Now we demonstrate symmetry: let us assume the symmetric premise of
specific $x,y\in A$ such that $x\mathrel R y$, so either $y=x$ (in
which case $y\mathrel R x$ trivially), or $y=(g\circ f)^n(x)$, or
$y=(f^{-1}\circ g^{-1})^n(x)$. If $y=(g\circ f)^n(x)$, we can
perform inverses step by step:
\begin{align*}
y&=(g\circ f)^n(x)\\
g^{-1}(y)&=\left(g^{-1}\circ g\circ f\circ(g\circ f)^{n-1}\right)(x)\\
g^{-1}(y)&=\left(f\circ(g\circ f)^{n-1}\right)(x)\\
(f^{-1}\circ g^{-1})(y)&=\left(f^{-1}\circ f\circ(g\circ f)^{n-1}\right)(x)\\
(f^{-1}\circ g^{-1})(y)&=\circ(g\circ f)^{n-1}(x)\\
\end{align*}
and continue inductively until we determine that
$$(f^{-1}\circ g^{-1})^n(y)=x$$
which is a criterion for showing that $y\mathrel x$.
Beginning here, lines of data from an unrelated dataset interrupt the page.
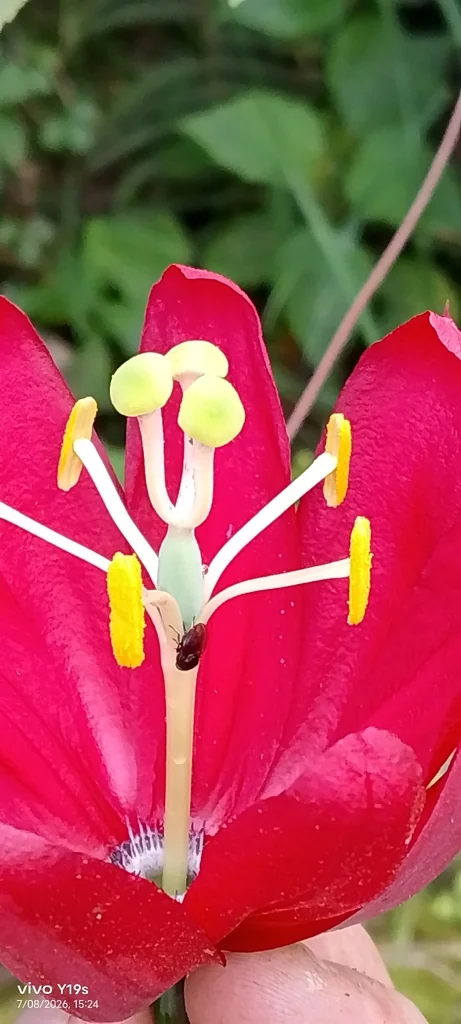 Passiflora Antioquiensis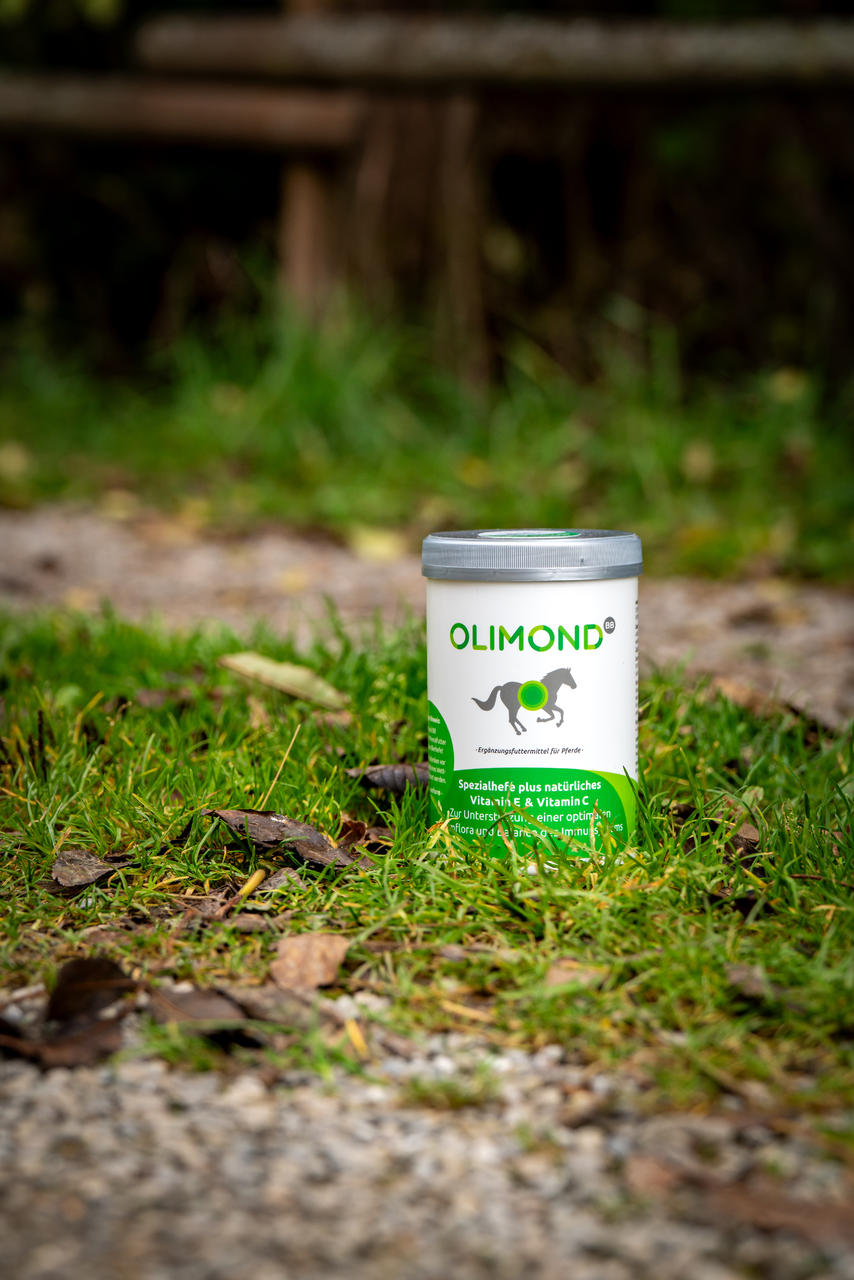 OLIMOND Olimond BB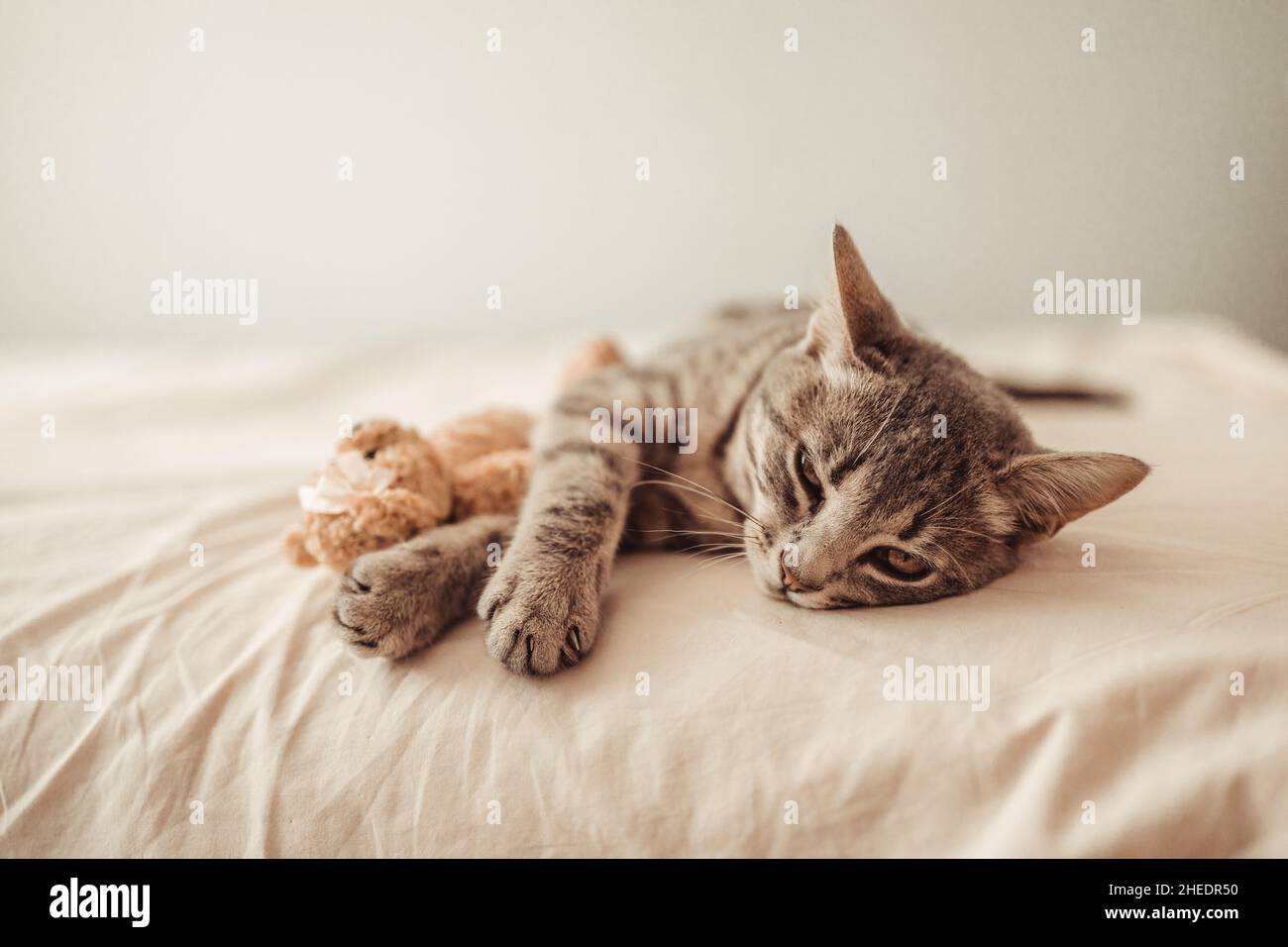 Un adorable chaton en tabby se trouve dans une étreinte avec un jouet en peluche sur le lit.Le chat dort sur le canapé dans le salon.Un rêve doux, réveillez-vous Banque D'Images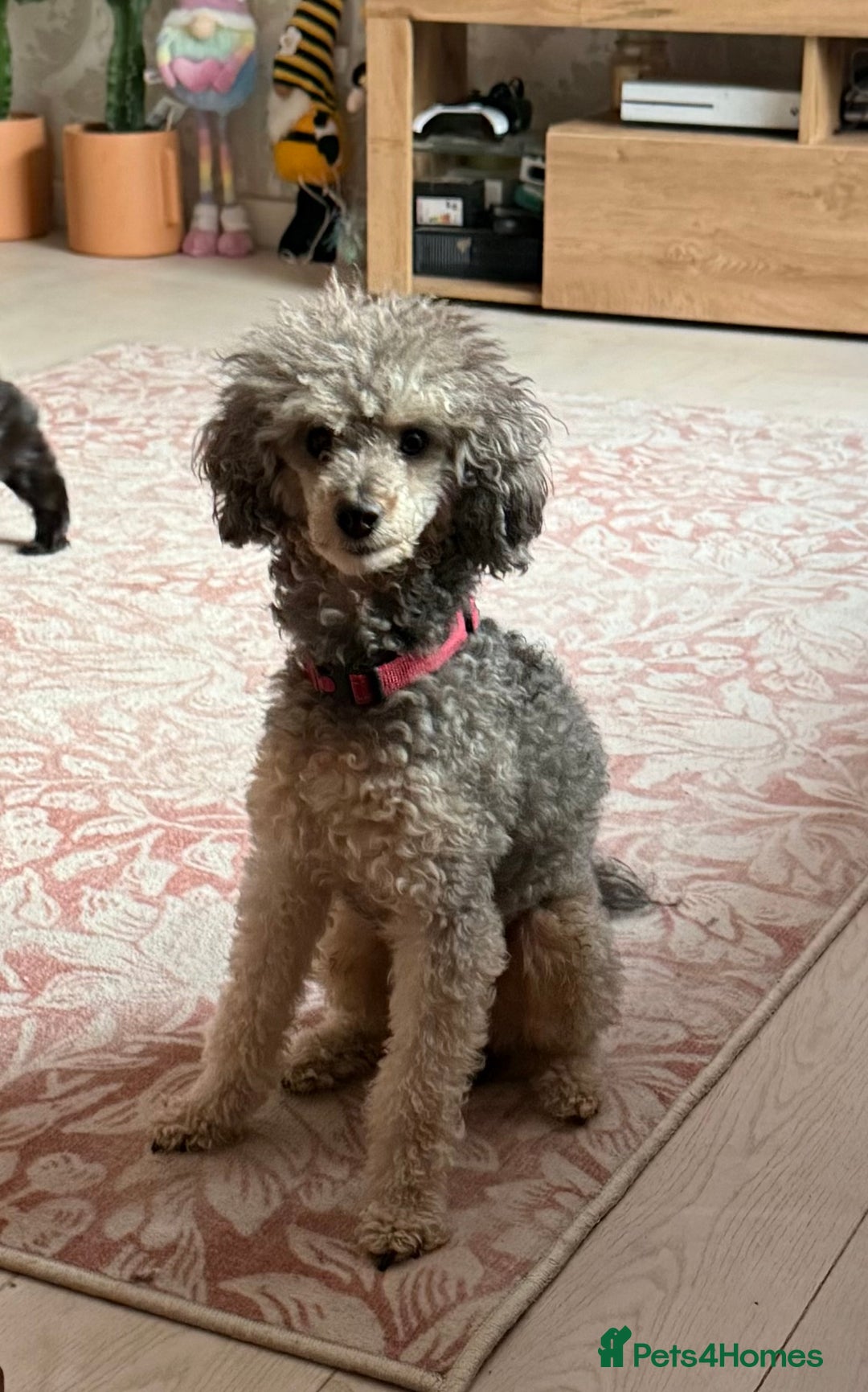 Toy Poodle dogs for sale: Toy poodle x chipoo male puppies - Advert 10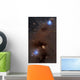 Rich Region Reflection and Wall Decal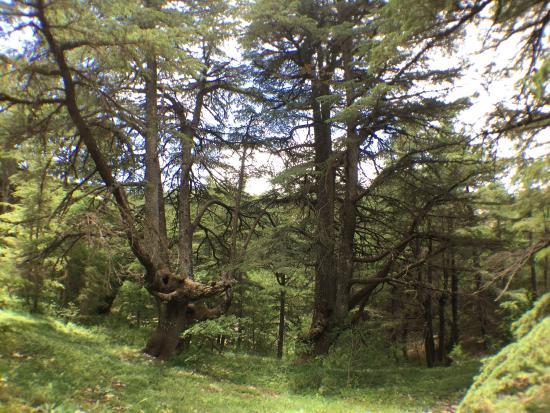 Shouf Biosphere Reserve
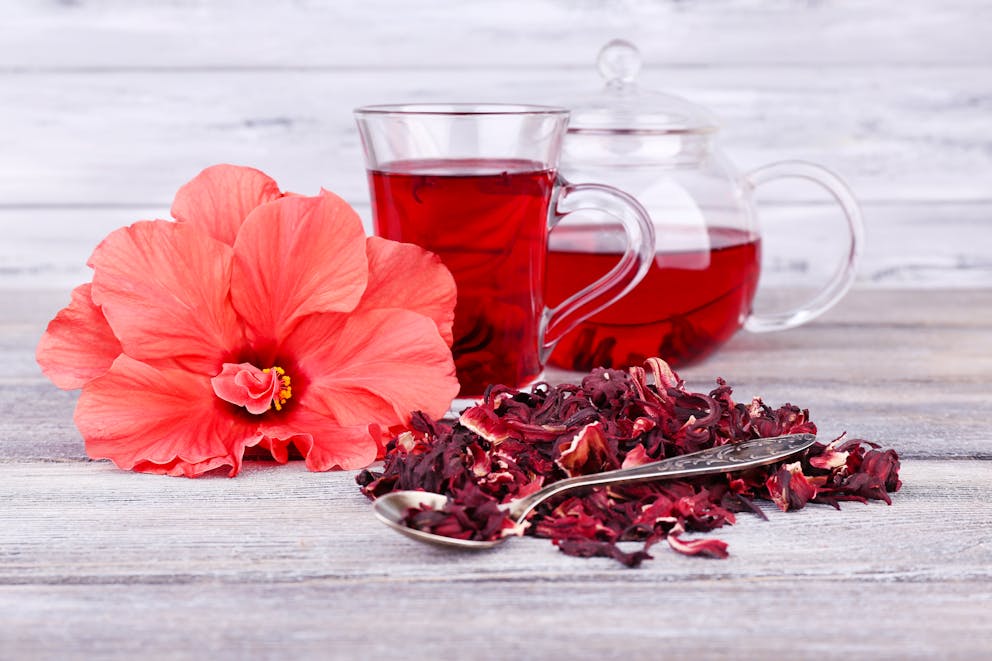 Hibiscus tea with fresh and dried flowers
Likewise, when $y=(f^{-1}\circ g^{-1})^n(x)$, we can disentangle $x$
by repeated applications of $f$ and $g$:
\begin{align*}
y&=(f^{-1}\circ g^{-1})^n(x)\\
f(y)&=\left(f\circ f^{-1}\circ g^{-1}\circ(f^{-1}\circ g^{-1})^{n-1}\right)(x)\\
f(y)&=\left(g^{-1}\circ(f^{-1}\circ g^{-1})^{n-1}\right)(x)\\
(g\circ f)(y)&=\left(g\circ g^{-1}\circ(f^{-1}\circ g^{-1})^{n-1}\right)(x)\\
(g\circ f)(y)&=\circ(f^{-1}\circ g^{-1})^{n-1}(x)\\
\end{align*}
so again using induction we could show that
$$(g\circ f)^n(y)=x$$
so that $y\mathrel R x$.
Finally, we must show transitivity, which ends up being surprisingly
simple: there are four cases but they are largely identical: we
compose two functions of the forms $(g\circ f)^n$ or $(f^{-1}\circ
g^{-1})^n$, and it is easy to show we get back a function of the
same form.
\end{proof}
Because being-in-the-same-sequence is an equivalence relation, the
equivalence classes (i.e., the sets of elements of $A$ which lie in a
single sequence) partition $A$. Thus, each element of $A$ lies in
exactly one zig-zag sequence. It is easy to show that every element of
$B$ also lies in exactly one zig-zag sequence: if $b\in B$, then $b$
lies in the sequence determined by $g(b)$; if $b$ lay in multiple
sequences those multiple sequences would both contain $g(b)$.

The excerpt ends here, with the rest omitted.